BreakingDailyGeneralHotLatin AmericaWorld

40th anniversary of Che Guevara’s death / Breaking News

40th-Anniversary Che-Guevera-Death

40th anniversary of the death of revolutionary icon Legenadary Ernesto ‘Che’ Guevara Monday in Cuba, where he is buried, and Bolivia, where he was killed in 1967.

Acting president Raul Castro led the main event in Cuba under a giant bronze statue of the guerrilla fighter in the town of Santa Clara, some 300 kilometres east of Havana.

Convalescing Cuban leader Fidel Castro, 81, was absent, but a homage he penned was read in public. The Argentine-born doctor-turned-guerrilla was “a flower torn up prematurely by the stem. I bow my head to pay tribute – with respect and gratitude – to the exceptional warrior,” Castro wrote.
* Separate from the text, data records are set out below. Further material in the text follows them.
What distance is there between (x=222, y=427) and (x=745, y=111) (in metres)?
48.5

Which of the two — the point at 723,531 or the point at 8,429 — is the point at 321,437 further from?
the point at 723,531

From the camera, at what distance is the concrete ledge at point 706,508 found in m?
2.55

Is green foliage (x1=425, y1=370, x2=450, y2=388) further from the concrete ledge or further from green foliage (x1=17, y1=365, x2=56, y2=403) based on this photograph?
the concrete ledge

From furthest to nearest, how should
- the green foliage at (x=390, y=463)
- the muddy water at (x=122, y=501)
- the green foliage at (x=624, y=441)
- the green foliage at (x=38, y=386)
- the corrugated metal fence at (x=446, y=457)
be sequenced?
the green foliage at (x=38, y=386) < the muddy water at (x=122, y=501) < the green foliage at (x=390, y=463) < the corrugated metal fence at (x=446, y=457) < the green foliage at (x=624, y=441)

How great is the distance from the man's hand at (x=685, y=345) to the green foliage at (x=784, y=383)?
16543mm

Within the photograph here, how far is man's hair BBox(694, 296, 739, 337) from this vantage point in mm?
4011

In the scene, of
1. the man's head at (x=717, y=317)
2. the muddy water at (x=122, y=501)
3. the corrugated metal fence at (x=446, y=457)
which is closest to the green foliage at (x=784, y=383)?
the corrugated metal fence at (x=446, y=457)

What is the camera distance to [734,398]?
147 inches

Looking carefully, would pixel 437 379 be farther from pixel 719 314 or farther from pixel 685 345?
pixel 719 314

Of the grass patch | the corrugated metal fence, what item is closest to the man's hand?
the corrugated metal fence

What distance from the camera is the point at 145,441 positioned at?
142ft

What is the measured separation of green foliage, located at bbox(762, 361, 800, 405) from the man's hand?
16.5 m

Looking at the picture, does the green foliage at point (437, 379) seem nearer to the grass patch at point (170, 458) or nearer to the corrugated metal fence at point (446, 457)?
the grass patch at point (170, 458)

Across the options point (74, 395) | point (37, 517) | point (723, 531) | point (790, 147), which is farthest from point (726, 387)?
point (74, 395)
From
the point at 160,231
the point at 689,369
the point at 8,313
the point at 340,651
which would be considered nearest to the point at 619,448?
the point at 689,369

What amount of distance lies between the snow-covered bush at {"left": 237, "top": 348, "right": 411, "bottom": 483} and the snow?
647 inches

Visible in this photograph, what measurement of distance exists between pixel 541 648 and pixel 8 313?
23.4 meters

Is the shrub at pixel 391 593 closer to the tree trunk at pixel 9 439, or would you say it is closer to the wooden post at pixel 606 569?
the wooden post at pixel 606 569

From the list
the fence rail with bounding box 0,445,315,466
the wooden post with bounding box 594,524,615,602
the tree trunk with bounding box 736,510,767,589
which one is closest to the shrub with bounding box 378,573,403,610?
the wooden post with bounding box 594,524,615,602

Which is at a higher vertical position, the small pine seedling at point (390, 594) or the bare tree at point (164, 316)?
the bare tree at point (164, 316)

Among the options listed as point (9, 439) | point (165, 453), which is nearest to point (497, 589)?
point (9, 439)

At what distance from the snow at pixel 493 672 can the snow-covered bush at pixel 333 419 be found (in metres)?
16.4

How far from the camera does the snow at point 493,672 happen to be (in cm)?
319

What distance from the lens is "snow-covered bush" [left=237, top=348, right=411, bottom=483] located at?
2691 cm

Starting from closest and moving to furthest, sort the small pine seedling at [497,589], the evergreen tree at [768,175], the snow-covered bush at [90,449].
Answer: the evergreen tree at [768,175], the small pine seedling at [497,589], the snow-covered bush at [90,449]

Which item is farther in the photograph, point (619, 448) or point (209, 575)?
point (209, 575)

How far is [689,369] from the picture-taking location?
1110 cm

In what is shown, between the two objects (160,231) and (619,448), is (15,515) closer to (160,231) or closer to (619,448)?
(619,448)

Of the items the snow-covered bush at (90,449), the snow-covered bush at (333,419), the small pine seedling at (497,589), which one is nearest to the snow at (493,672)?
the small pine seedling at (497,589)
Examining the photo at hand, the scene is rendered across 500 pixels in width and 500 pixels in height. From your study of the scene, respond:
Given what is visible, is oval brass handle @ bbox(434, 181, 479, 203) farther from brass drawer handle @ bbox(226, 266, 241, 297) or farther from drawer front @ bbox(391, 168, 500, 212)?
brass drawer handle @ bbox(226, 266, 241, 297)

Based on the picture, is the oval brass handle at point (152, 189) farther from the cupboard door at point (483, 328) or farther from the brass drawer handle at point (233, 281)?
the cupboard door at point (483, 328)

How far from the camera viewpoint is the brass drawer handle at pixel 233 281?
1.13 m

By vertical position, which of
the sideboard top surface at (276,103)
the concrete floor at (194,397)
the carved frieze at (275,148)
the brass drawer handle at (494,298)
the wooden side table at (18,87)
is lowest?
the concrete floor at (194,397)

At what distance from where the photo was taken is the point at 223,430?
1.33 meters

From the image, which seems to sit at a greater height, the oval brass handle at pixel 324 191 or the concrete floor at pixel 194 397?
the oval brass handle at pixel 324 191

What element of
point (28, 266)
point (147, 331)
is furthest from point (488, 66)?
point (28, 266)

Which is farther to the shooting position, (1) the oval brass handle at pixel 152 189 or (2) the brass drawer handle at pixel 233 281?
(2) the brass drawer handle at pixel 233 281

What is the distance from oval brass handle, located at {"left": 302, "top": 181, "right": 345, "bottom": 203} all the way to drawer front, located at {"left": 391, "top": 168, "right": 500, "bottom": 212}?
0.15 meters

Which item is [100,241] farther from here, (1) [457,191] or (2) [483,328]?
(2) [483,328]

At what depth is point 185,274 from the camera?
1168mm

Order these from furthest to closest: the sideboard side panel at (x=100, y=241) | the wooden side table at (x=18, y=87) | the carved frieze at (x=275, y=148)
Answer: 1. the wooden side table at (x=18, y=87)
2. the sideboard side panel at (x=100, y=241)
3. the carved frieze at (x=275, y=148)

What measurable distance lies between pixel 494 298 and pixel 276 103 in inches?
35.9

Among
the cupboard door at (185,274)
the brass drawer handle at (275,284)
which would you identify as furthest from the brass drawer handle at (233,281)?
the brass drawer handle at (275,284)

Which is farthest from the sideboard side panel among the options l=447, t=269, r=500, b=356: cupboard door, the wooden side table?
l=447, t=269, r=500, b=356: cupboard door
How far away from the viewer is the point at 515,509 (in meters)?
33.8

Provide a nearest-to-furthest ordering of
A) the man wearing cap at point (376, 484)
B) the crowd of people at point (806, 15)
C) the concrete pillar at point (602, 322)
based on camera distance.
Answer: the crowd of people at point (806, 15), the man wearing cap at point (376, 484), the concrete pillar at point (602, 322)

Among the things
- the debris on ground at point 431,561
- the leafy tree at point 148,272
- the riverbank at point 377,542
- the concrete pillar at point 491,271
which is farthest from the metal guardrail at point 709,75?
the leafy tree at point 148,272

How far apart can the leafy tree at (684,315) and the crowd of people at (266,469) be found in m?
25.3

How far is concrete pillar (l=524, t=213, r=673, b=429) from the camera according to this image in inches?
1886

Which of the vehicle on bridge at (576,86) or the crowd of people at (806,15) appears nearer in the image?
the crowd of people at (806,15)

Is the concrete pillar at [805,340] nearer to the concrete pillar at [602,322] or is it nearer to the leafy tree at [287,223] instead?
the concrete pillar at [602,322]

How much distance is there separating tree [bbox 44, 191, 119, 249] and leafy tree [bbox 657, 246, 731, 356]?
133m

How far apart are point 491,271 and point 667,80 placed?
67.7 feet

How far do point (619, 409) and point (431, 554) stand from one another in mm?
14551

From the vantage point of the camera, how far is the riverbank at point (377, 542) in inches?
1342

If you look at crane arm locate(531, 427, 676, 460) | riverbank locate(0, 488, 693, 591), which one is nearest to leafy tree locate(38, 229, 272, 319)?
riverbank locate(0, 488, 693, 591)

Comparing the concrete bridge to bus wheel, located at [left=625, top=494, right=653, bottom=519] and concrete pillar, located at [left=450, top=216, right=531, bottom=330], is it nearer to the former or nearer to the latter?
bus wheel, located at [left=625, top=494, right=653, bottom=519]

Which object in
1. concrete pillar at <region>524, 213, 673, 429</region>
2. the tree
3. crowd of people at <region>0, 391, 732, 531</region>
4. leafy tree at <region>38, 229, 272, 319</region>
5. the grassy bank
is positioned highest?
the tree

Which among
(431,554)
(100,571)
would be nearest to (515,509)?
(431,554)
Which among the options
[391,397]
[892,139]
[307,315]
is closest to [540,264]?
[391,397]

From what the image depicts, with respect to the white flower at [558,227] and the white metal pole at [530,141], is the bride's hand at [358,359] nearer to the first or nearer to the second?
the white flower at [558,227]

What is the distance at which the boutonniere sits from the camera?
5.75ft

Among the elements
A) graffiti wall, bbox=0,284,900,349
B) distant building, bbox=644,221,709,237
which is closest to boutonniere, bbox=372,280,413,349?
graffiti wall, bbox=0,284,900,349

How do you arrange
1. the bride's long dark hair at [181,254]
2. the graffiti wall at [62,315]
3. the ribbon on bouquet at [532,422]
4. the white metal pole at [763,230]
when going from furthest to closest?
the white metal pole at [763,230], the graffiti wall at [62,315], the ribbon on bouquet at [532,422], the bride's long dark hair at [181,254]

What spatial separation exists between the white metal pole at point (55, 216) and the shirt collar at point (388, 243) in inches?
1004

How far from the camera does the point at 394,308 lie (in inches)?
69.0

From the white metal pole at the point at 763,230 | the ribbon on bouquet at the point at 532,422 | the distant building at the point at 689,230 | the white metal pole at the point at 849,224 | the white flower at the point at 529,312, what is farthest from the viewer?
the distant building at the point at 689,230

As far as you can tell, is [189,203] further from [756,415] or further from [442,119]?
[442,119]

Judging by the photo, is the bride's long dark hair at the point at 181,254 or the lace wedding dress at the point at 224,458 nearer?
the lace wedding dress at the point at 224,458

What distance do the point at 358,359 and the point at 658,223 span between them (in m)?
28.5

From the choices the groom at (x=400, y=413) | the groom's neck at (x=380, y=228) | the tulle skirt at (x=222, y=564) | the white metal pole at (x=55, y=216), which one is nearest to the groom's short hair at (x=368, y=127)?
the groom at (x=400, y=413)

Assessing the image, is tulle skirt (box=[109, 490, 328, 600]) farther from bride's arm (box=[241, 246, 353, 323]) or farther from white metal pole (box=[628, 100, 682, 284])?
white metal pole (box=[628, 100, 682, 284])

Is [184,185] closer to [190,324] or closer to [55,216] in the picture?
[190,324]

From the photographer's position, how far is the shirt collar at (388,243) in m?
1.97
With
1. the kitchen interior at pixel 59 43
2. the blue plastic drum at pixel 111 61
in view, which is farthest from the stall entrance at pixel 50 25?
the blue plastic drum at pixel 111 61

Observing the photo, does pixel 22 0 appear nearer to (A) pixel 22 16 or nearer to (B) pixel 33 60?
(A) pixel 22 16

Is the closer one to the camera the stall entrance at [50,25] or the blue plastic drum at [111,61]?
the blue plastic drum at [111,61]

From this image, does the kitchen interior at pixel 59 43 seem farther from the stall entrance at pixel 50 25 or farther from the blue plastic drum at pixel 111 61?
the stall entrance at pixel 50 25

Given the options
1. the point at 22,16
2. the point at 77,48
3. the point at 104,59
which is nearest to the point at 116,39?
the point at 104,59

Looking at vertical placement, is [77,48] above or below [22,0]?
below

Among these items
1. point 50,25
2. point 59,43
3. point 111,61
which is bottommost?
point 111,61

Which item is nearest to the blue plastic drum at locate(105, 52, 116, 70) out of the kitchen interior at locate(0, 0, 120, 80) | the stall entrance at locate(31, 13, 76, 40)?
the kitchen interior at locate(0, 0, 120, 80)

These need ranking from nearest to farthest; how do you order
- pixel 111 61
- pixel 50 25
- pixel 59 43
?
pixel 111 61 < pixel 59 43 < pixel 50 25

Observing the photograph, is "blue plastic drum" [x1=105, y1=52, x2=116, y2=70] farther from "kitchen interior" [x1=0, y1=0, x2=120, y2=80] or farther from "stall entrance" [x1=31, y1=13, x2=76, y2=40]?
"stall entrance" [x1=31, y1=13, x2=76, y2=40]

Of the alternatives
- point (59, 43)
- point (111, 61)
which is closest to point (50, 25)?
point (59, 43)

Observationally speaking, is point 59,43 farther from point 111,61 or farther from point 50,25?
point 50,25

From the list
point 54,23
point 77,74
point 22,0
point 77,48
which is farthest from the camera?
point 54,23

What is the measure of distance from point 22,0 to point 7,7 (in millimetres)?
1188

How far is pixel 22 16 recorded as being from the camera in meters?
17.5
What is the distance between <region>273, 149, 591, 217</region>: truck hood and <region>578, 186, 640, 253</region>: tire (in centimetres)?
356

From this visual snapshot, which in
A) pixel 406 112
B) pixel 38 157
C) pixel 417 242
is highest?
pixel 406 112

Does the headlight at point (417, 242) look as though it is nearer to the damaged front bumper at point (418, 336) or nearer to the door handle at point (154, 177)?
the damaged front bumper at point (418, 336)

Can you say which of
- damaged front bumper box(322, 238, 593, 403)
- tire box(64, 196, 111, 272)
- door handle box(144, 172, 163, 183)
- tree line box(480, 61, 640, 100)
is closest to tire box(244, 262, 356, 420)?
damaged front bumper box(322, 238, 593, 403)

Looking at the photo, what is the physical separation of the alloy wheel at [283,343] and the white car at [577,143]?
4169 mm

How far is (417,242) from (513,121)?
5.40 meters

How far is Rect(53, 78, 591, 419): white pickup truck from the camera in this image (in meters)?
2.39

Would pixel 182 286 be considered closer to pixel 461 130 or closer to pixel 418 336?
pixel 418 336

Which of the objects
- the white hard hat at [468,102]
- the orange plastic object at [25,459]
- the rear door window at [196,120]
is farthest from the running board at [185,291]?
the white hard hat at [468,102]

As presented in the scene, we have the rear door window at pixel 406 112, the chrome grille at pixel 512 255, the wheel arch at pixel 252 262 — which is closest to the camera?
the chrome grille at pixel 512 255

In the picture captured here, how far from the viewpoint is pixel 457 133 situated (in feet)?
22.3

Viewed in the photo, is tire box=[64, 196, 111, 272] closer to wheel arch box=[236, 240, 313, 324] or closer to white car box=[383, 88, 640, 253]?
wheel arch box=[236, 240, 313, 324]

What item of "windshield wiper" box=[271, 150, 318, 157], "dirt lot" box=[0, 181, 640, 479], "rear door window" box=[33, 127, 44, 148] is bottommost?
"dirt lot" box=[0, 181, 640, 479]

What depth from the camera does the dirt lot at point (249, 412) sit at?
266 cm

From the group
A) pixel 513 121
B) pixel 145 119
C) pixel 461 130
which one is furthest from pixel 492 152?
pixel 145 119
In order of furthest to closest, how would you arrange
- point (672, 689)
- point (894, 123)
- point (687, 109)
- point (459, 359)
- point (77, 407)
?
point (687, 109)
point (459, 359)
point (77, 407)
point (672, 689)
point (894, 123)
Guevara’s Argentine widow Aleida March, 71, attended the event, along with his four children Aleida, Camilo, Celia and Ernesto. Guevara had a daughter with his first wife, a Peruvian revolutionary, both of whom are dead.

Loudspeakers also blared an October 3, 1965 recording of Fidel reading a farewell letter that Guevara wrote as he prepared to join the guerrilla war in the Congo.

Guevara’s youngest son, Ernesto, honoured his father by roaring in on a wine-red motorcycle along with 37 members of Cuba’s Harley-Davidson motorcycle club, all dressed in black and wearing chains around their necks.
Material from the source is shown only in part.